Yeah nah, nothing fancy like that. I could whip up a polybuffer~ example of how I would do it (with @blocking 0) if that would be helpful to show the other side too?

1 Like

This has a pretty stripped back version of polyphonic playback:

Don’t know how easy the grafting would be for the analysis since it expects offsets of a single buffer though.

I’d peg it as a 4/10 on faff scale.

2 Likes

Alright here we go:

2d_sample_browsing-rodstyle.maxpat (99.3 KB)

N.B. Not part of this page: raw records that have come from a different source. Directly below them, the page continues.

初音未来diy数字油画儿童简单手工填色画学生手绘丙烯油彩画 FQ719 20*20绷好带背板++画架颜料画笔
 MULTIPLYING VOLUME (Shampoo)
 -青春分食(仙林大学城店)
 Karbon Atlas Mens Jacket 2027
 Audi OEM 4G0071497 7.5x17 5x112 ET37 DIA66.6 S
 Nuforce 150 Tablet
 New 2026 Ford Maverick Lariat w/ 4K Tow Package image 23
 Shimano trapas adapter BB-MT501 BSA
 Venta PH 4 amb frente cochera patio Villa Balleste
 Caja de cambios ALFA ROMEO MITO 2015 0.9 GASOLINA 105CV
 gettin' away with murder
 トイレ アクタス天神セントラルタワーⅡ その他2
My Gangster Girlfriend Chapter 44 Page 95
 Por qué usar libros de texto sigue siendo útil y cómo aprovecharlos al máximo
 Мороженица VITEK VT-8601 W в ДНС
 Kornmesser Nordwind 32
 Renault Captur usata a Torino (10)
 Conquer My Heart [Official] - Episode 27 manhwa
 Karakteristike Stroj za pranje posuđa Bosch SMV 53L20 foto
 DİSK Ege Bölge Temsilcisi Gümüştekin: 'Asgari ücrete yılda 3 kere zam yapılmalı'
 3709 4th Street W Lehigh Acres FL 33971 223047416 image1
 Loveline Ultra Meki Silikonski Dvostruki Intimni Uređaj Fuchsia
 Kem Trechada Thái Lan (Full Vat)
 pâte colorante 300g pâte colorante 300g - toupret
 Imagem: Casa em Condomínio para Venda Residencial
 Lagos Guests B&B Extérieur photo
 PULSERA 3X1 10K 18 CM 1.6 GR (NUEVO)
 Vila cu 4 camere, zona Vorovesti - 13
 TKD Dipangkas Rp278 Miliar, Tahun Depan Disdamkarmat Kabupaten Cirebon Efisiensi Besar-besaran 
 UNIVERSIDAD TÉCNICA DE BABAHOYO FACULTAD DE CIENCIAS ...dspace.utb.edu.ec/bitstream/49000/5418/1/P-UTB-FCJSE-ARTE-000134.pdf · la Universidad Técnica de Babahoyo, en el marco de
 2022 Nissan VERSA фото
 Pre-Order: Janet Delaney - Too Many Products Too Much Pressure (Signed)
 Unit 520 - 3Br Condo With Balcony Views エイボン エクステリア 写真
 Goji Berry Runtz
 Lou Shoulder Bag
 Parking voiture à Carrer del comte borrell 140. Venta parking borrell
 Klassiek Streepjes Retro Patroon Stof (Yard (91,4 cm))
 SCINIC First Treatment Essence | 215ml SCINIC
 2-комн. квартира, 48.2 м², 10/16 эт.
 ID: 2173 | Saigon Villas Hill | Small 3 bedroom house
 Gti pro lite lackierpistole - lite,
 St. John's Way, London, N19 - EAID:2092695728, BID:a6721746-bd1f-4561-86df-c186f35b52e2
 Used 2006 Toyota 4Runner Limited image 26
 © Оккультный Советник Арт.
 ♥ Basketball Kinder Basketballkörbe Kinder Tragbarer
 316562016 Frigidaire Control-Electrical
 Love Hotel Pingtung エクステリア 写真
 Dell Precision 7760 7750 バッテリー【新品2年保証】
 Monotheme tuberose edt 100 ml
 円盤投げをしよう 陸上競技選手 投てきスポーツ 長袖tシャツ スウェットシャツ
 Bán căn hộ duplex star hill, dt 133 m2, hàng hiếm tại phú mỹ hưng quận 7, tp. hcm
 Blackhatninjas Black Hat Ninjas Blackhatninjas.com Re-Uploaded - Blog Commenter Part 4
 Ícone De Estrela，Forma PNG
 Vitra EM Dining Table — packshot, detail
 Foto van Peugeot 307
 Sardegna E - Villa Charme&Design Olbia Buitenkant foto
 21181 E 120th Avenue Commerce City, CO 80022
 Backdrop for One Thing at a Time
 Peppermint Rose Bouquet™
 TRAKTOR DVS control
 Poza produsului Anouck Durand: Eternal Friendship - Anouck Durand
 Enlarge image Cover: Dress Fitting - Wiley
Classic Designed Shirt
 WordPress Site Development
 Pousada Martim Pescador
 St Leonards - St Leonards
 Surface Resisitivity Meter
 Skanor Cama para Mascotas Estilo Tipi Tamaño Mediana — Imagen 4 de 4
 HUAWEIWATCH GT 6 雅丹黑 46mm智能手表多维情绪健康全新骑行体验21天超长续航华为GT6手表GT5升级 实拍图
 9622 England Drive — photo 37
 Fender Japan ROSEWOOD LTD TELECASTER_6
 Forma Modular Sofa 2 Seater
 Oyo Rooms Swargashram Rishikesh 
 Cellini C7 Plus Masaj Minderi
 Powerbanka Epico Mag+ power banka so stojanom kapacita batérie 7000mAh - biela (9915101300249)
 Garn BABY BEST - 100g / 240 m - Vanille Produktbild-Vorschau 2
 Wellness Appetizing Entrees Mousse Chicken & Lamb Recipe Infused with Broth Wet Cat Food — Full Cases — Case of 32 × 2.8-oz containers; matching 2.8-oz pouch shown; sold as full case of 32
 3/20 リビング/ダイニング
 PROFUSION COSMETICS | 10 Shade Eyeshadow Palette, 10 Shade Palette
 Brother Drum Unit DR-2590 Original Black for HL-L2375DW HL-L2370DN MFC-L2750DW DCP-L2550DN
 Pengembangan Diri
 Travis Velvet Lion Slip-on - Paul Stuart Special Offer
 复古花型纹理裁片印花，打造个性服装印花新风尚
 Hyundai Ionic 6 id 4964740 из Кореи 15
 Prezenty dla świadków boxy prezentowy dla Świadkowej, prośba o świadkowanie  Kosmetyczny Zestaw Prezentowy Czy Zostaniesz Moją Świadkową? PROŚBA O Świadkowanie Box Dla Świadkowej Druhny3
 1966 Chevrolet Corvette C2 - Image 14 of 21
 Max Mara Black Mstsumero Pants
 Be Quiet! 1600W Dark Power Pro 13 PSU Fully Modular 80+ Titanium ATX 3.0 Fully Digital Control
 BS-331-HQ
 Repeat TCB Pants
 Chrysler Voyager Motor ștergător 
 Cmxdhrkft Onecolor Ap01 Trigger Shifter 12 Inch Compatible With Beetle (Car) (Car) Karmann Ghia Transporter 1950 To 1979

polyphonic playback with mc for Rod :wink: as well as being able to drop in a folder of audio files to fill up a polybuffer~ for the corpus.

Nice!

Still no default params though :frowning:
Screenshot 2021-12-13 at 10.00.54 pm

And the speedlim-less-ness of the playback still leaves me with some machine gun shivers.

2d_sample_browsing-rodstyle.maxpat (100.1 KB)

1 Like

This is all good banter, my friends, but let’s not forget this is a beginner’s patch. And that you are friends (I don’t think everyone knows how you two know each other :slight_smile: )

The feedback is good as it will help us hone in on what the rest of this series of beginning patches will include (the 101s) until we get to design the intermediates (201s) and advanced (301s).

Looking forward to seeing the rest of the series!

p

1 Like

Looks nice James.

Given that visualization is the focus here, I would definitely make the LCD larger (double it in size for instance). Some of the colors don’t show up very well - especially the yellow. Might be nice to use a perceptually uniform colormap (which you could grab from somewhere like matplotlib).

Finally, I agree with Rod that this patch would greatly benefit from letting the user work with UMAP or letting them pick plain ol’ descriptors to plot. For instance, X=Loudness, Y=Zerocrossings. Or, more interesting: X=loudness, Y=1-D UMAP MFCCs. The reason being: you can learn a lot about which descriptors are interesting through visualization and browsing. However, I concede that this is more complicated from a UI point of view. Always a delicate balance.

2 Likes

that is in the follow-up series, as one way of dealing with high dimension count. Stay tuned!

@rodrigo.constanzo
@jamesbradbury
A disadvantage of polybuffer~ is the constant crashing in Max for Live… It is just unusable.

1 Like

YESSSS I now have an official reason to not like it :slight_smile: It has advantages (dynamic allocation and batch handling) but I had an irrational hatred for it - now you vindicated me :slight_smile:

seriously though, a lot of our examples use a single long buffer which works well in other contexts. As for the crashs, @weefuzzy is a M4L powerabuser so he might have a trick or two to share…